I ended up having my local industrial paint supplier color match the green paint. I removed the motor, mag switch, and belt cage. The pump was masked off, as were the original decals on the tank. The tank and mounting plate was sanded and scuffed, then primed and painted with an epoxy primer sealer, and several color coats of single stage urethane paint. The belt/pulley cage was sandblasted, primed and painted black.

I replaced the non-on/off pressure switch with a new one that did have on/off switching capability. I also replaced the tank pressure gauge and I welded a flat plate to the back side of the mag switch frame, to mount the line regulator and filter on. I also built a dolly to mount the compressor on. The dolly is built from 2 in. square, x .125 in. wall steel tube, and painted gloss black. The oil was drained and replaced with a synthetic compressor oil, and a new air filter element was installed. The few galvanized pipe fittings were replaced with brass fittings and new hoses were also installed.

I was curious as to the condition of the pump. I did not get a manual with this but from researching online, I believe this pump is rated at 17.1 ‘Delivery CFM’ at 175 psi, to 18.5 ‘Delivery CFM' at 100 psi.

I located an online ‘Compressed Air Flow Calculator’ for determining air flow [CFM] in to or out of a tank at http://www.egnergy.com/calculator.html .  There is also a calculator for determining ‘Air Pressure at Altitude’ at https://www.mide.com/pages/air-pressure-at-altitude-calculator , should you want to plug that information into the CFM calculator.

I’ve set the compressor cut out pressure to 125 PSI and conducted several timed tests from 0 tank pressure to 125 psi. Using the mentioned calculators, this compressor is operating at 20-21 PSI. I am happy with that.

The next part of this project will be an air dryer from copper tubing.

Some before and after photos-


----------



## westerner (Sep 3, 2019)

Very Nice!
	

		
			
		

		
	



	

		
			
		

		
	
Here is mine, from 1948. First owner was the gas station where the kid (my cousin) would check your oil and wash your windows while he pumped your gas. Tank was drained EVERY DAY, or you found other work!

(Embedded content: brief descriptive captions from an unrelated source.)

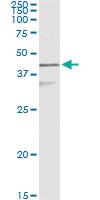 Anti-CK17 Mouse Monoclonal Antibody [clone: 2D4-1G9]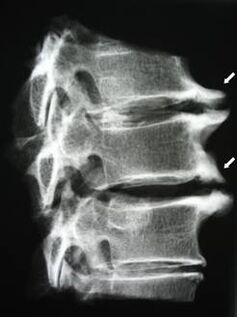 Cervical spine osteophytes cause neck pain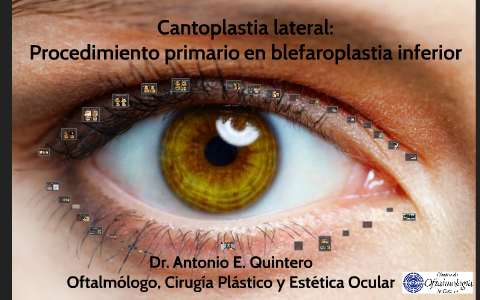 Cantoplastia Lateral Procedimiento Primario En Blefaroplast By Antonio Quintero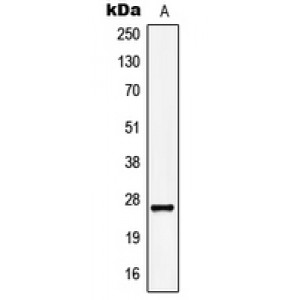LifeSab™ KCNMB2 Rabbit pAb (50 µl)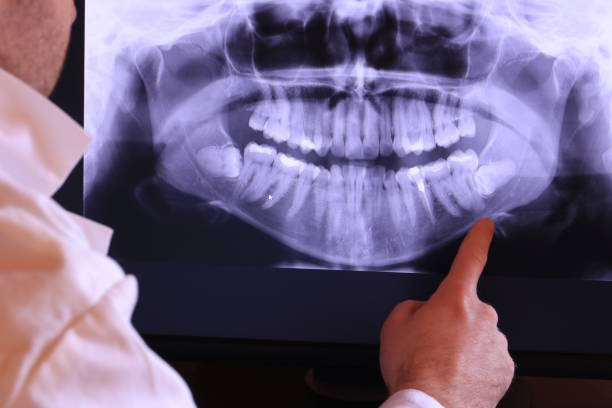 Best Emergency Dental Surgery in Montverde, FL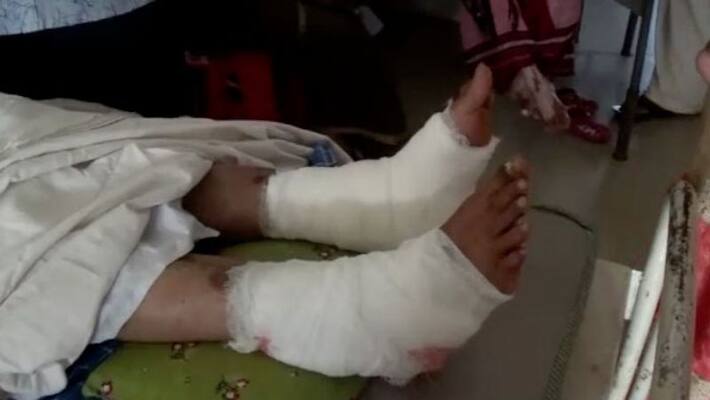 doctor operated patient right leg instead of left doctor operated patient right leg instead of left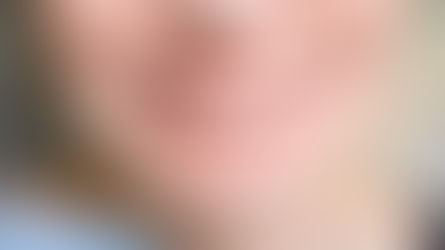 SOINS POUR VOTRE TRAITEMENT D'ORTHODONTIE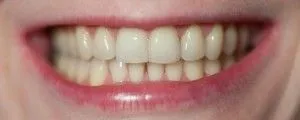 Разделяне на зъбите преди и след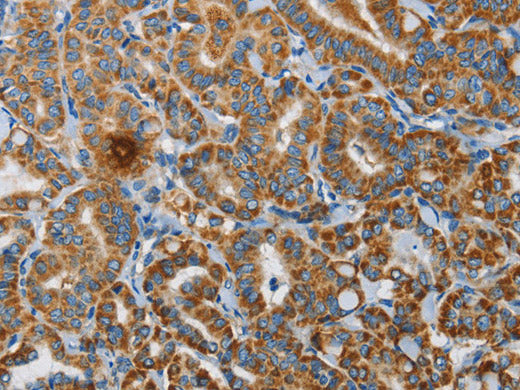 UPF1 Polyclonal Antibody Store at -20°C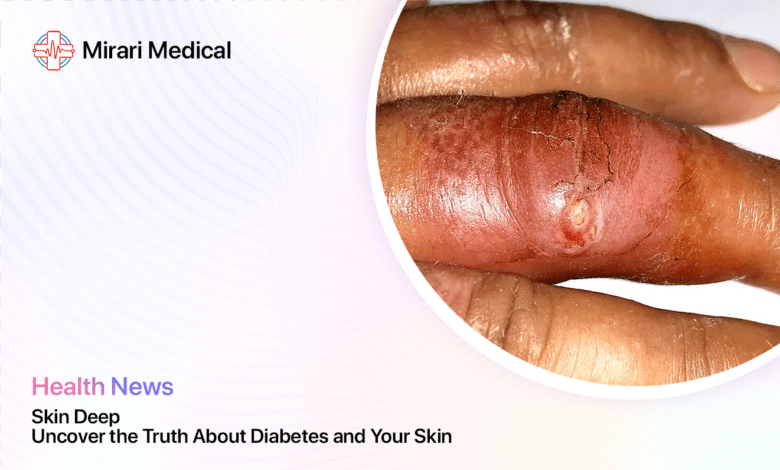 Diabetes And Skin Health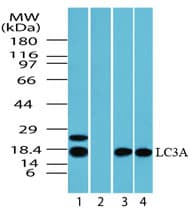 IHC-plus™ MAP1LC3A / LC3A Antibody (aa1-50)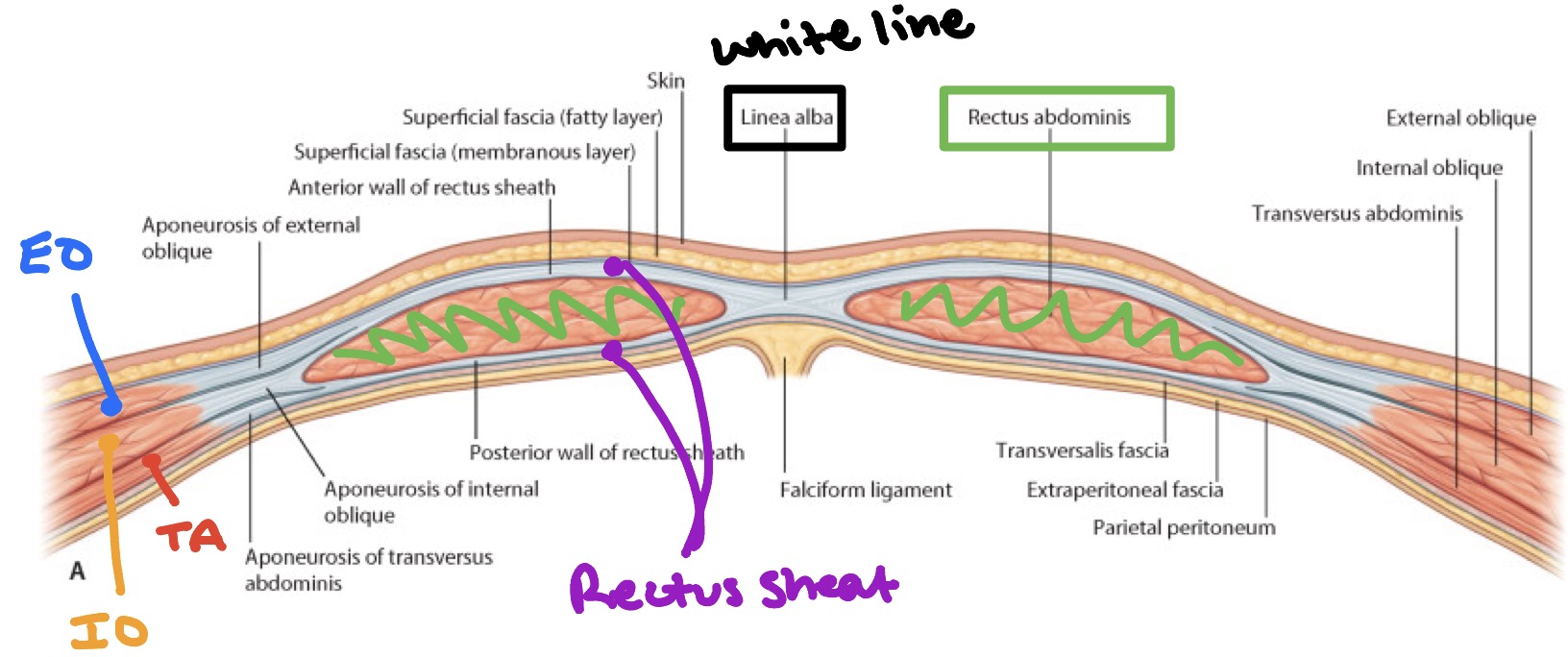 <ul><li><p>Aponeuroses of the 3 anterolateral abdominal wall muscles, forms the <span style="color: rgb(126, 45, 245);"><strong>anterior &amp; posterior rectus shee</strong></span>t (encloses rectus abdominis muscle)</p></li></ul><p></p>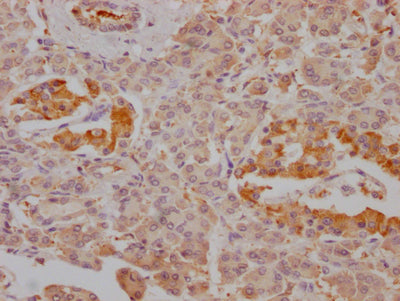 IHC image of CSB-RA787345A0HU diluted at 1:100 and staining in paraffin-embedded human pancreatic tissue performed on a Leica BondTM system. After dewaxing and hydration, antigen retrieval was mediated by high pressure in a citrate buffer (pH 6.0) . Section was blocked with 10% normal goat serum 30min at RT. Then primary antibody (1% BSA) was incubated at 4℃ overnight. The primary is detected by a Goat anti-rabbit IgG polymer labeled by HRP and visualized using 0.05% DAB.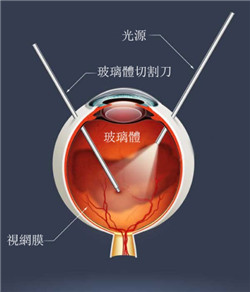 玻璃體切除術治療飛蚊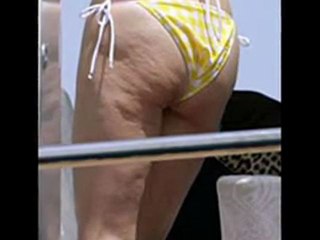 Eliminar Celulitis Rapidamente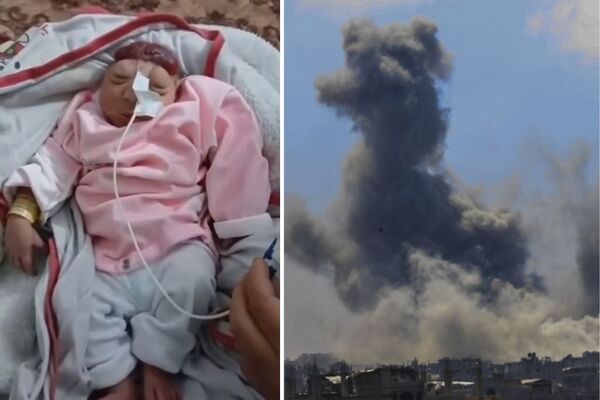 ولادة طفلة “بلا دماغ” مع تزايد ظاهرة “تشوه الأجنة” في قطاع غزة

It has finally rusted thru, at 71 years of age. The motor you see under the full size WD-40 can had a tag that called it a 2 hp motor!
Belgians, or Clydesdales no doubt. Certainly not the Chinese ponys listed on the tag today. 

I am piecing together its replacement, but it aint gonna be the same.


----------



## Ulma Doctor (Sep 3, 2019)

Nice work!
i worked on my share of speedair compressors, but never repainted one or made it look nice.
we had one exactly like you have here for the shop air about 20 years ago.
they are good compressors.
you'll have plenty of air to run most anything you need to.


----------



## Tinker2 (Sep 6, 2019)

I appreciate the comments and thumbs up. Thank you.


----------



## Janderso (Sep 20, 2019)

Isn’t it amazing how long these pumps run.
1948, that’s incredible.
I recently replaced the compressors at work. We run two shops with 4 techs in each shop plus a detail dept.
They run from 6:30 to 5:00 five days a week. For decades!
We change the oil every year and replace or clean the air filters.
Ingersol Rand 8 hp pumps, pretty fast recovery. I don’t know all the specs but they have coolers and weren’t cheap.
One of the ones replaced was there when I started in 1986. It started sounding like the African Queen about ten years ago.


----------